Find "Türkiye, Kadın Voleybolda" in the material below, then write out that line and every line after it exactly, ending with the last one; skip the pictures.

----------

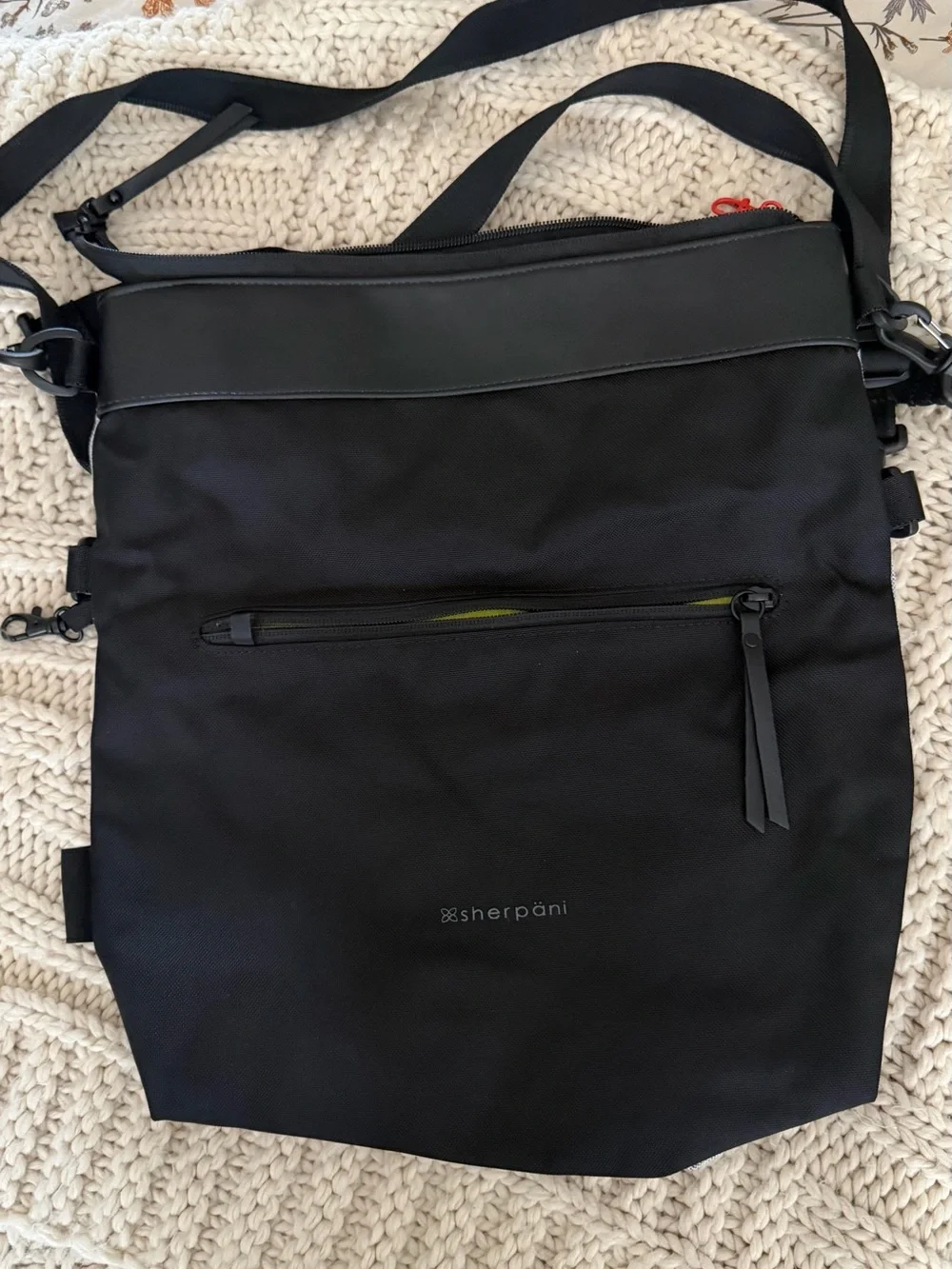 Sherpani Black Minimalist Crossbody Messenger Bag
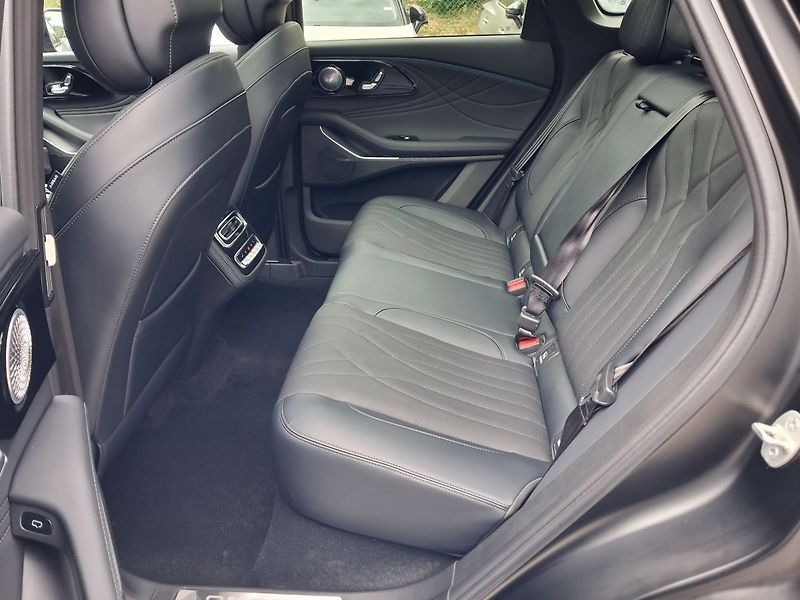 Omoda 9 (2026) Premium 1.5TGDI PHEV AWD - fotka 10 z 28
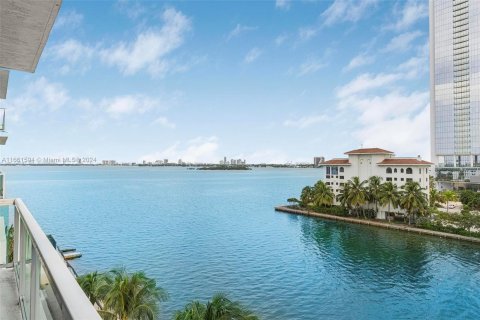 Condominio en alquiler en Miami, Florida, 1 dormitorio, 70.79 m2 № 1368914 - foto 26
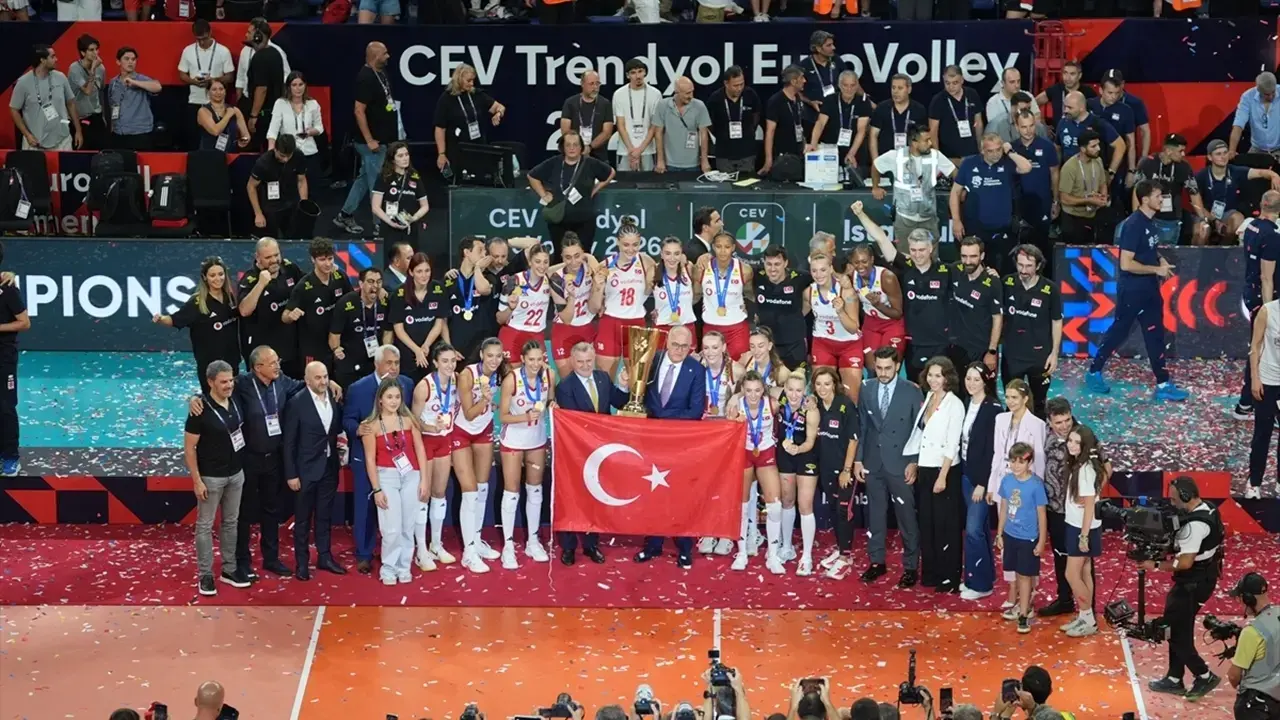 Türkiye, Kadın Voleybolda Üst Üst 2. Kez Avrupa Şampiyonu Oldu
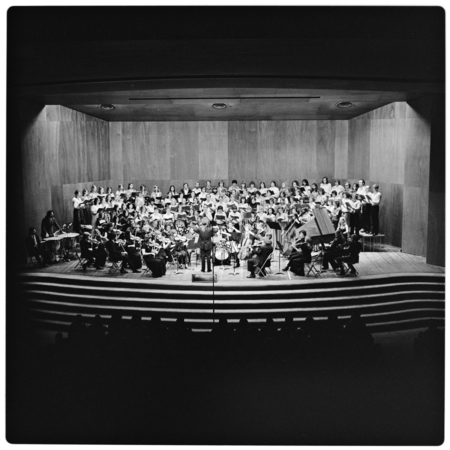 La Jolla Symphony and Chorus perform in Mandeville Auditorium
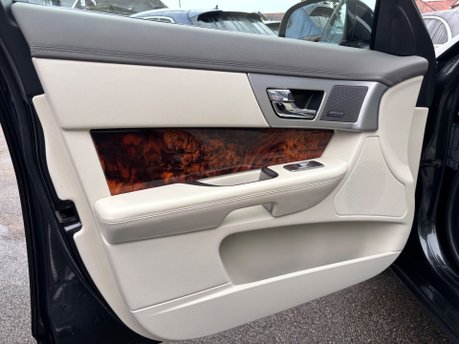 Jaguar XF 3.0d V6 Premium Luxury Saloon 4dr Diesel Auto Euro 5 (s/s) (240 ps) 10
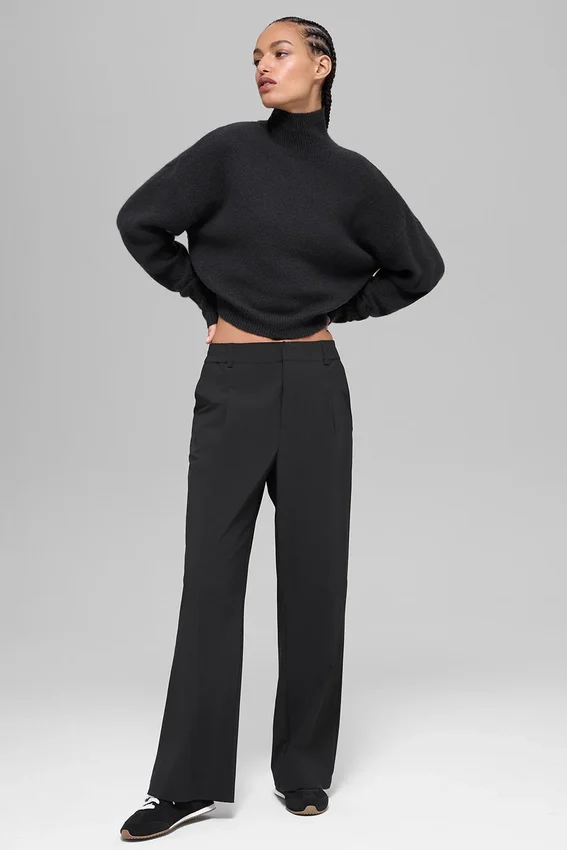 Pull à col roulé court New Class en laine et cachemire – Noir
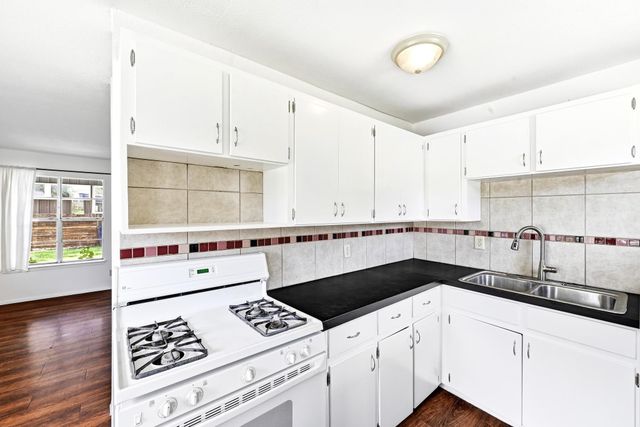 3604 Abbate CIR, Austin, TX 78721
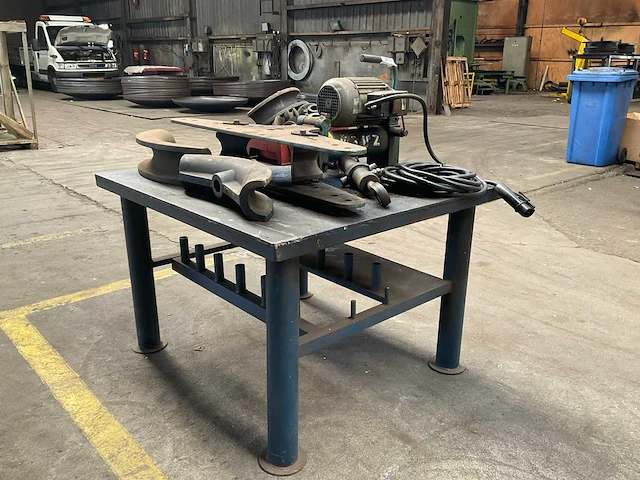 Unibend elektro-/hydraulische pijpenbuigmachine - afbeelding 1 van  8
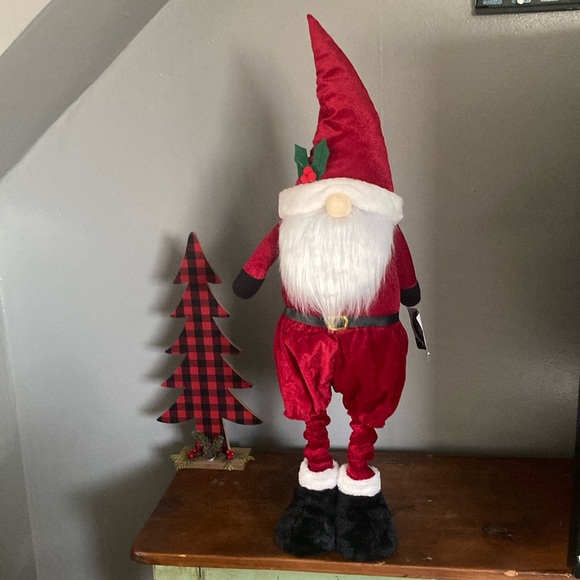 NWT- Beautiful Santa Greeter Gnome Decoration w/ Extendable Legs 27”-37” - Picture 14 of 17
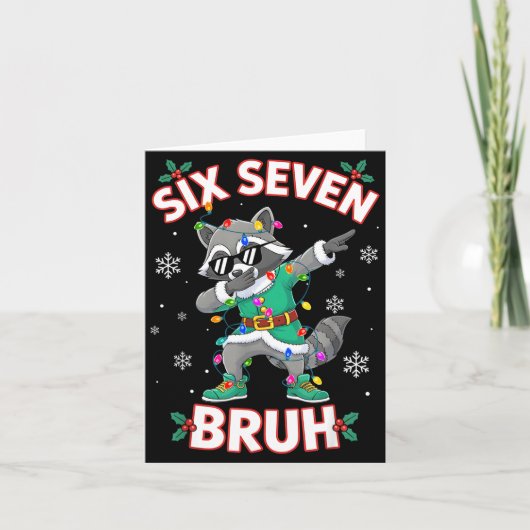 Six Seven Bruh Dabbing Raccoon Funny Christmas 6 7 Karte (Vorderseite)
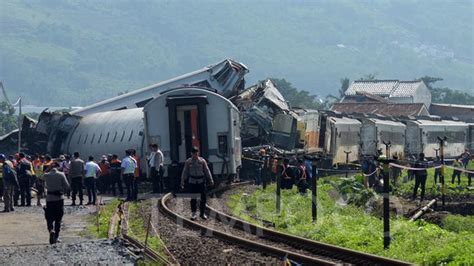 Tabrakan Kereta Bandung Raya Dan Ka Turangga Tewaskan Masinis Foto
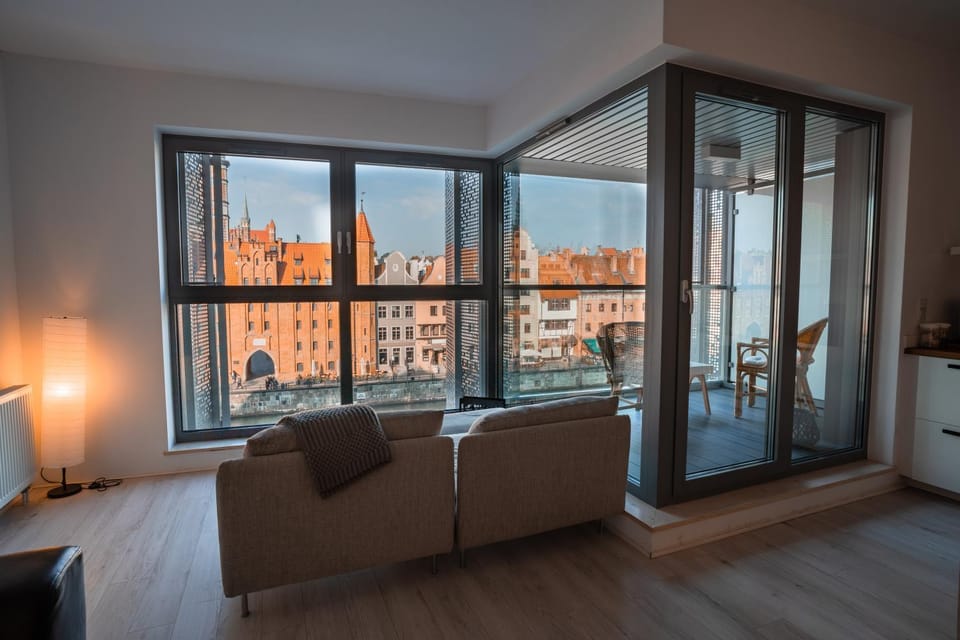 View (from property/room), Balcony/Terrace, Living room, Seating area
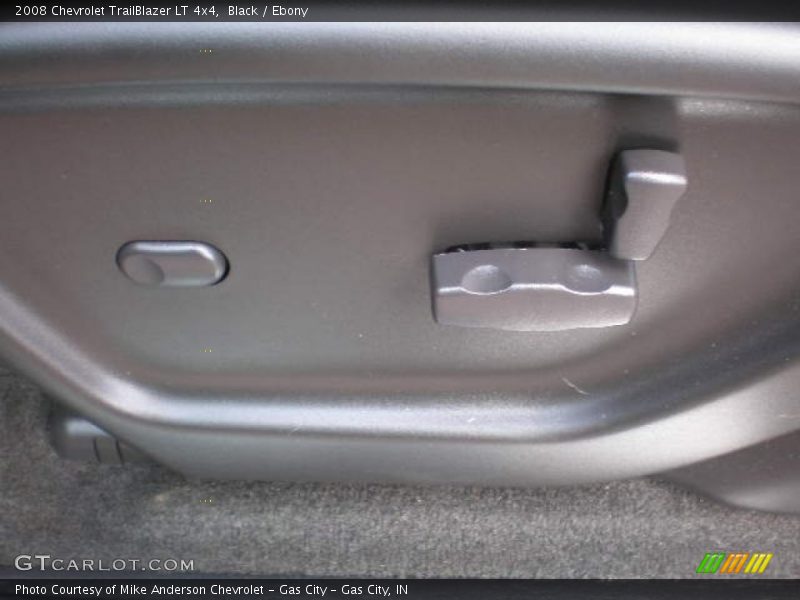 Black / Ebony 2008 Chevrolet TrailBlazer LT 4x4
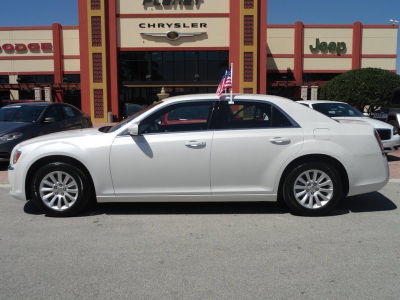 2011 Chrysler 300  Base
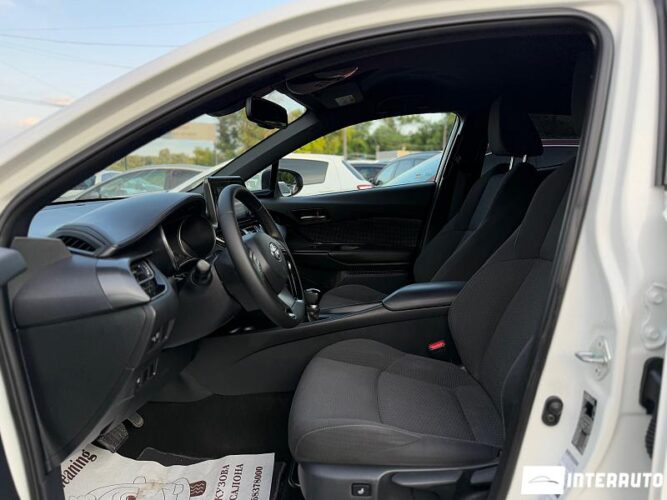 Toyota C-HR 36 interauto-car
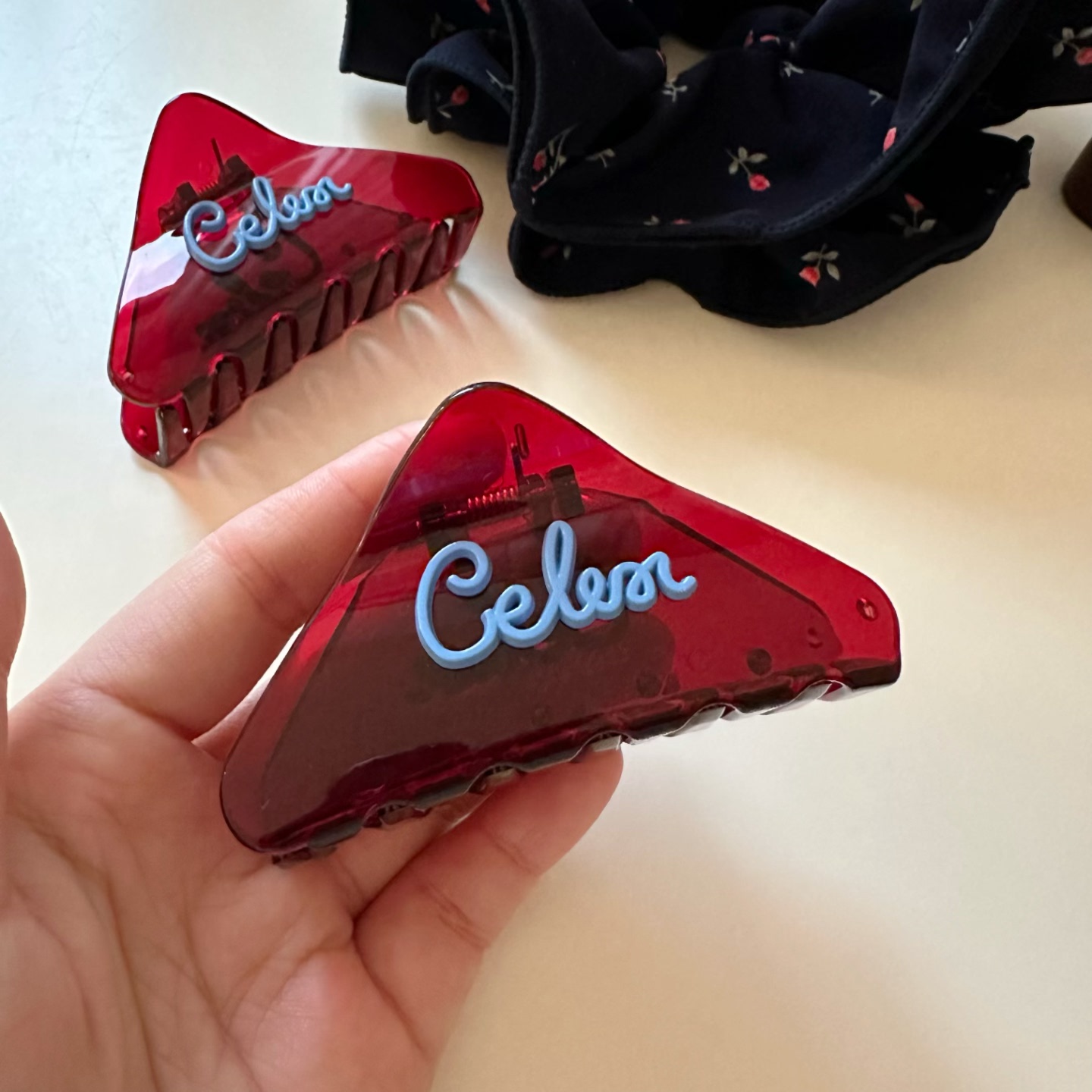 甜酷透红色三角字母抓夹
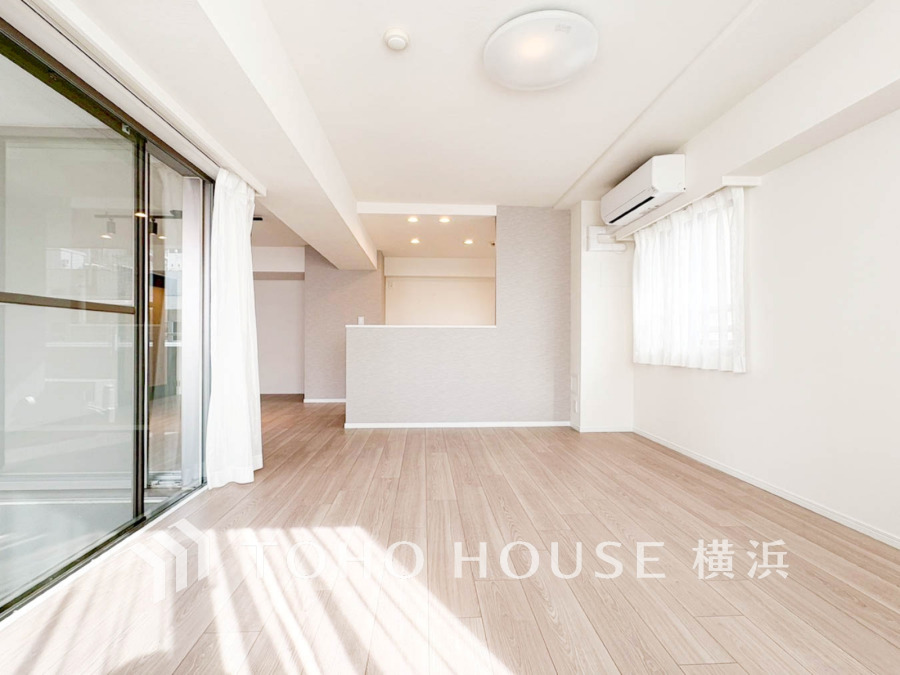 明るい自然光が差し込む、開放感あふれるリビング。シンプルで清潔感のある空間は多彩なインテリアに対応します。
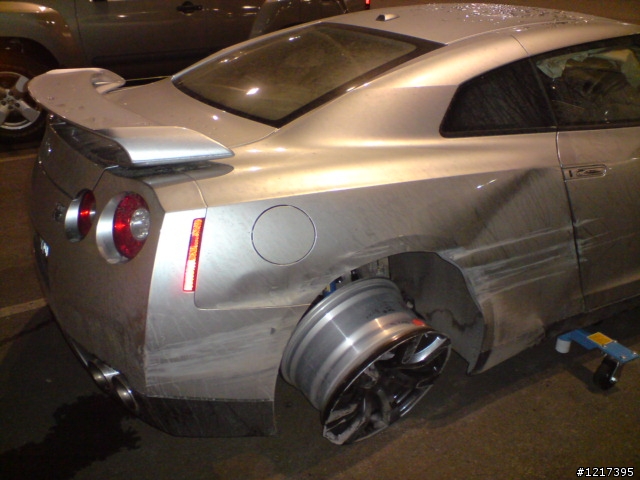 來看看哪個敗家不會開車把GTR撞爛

----------

Exercise output –
 Türkiye, Kadın Voleybolda Üst Üst 2. Kez Avrupa Şampiyonu Oldu
 La Jolla Symphony and Chorus perform in Mandeville Auditorium
 Jaguar XF 3.0d V6 Premium Luxury Saloon 4dr Diesel Auto Euro 5 (s/s) (240 ps) 10
 Pull à col roulé court New Class en laine et cachemire – Noir
 3604 Abbate CIR, Austin, TX 78721
 Unibend elektro-/hydraulische pijpenbuigmachine - afbeelding 1 van  8
 NWT- Beautiful Santa Greeter Gnome Decoration w/ Extendable Legs 27”-37” - Picture 14 of 17
 Six Seven Bruh Dabbing Raccoon Funny Christmas 6 7 Karte (Vorderseite)
 Tabrakan Kereta Bandung Raya Dan Ka Turangga Tewaskan Masinis Foto
 View (from property/room), Balcony/Terrace, Living room, Seating area
 Black / Ebony 2008 Chevrolet TrailBlazer LT 4x4
 2011 Chrysler 300  Base
 Toyota C-HR 36 interauto-car
 甜酷透红色三角字母抓夹
 明るい自然光が差し込む、開放感あふれるリビング。シンプルで清潔感のある空間は多彩なインテリアに対応します。
 來看看哪個敗家不會開車把GTR撞爛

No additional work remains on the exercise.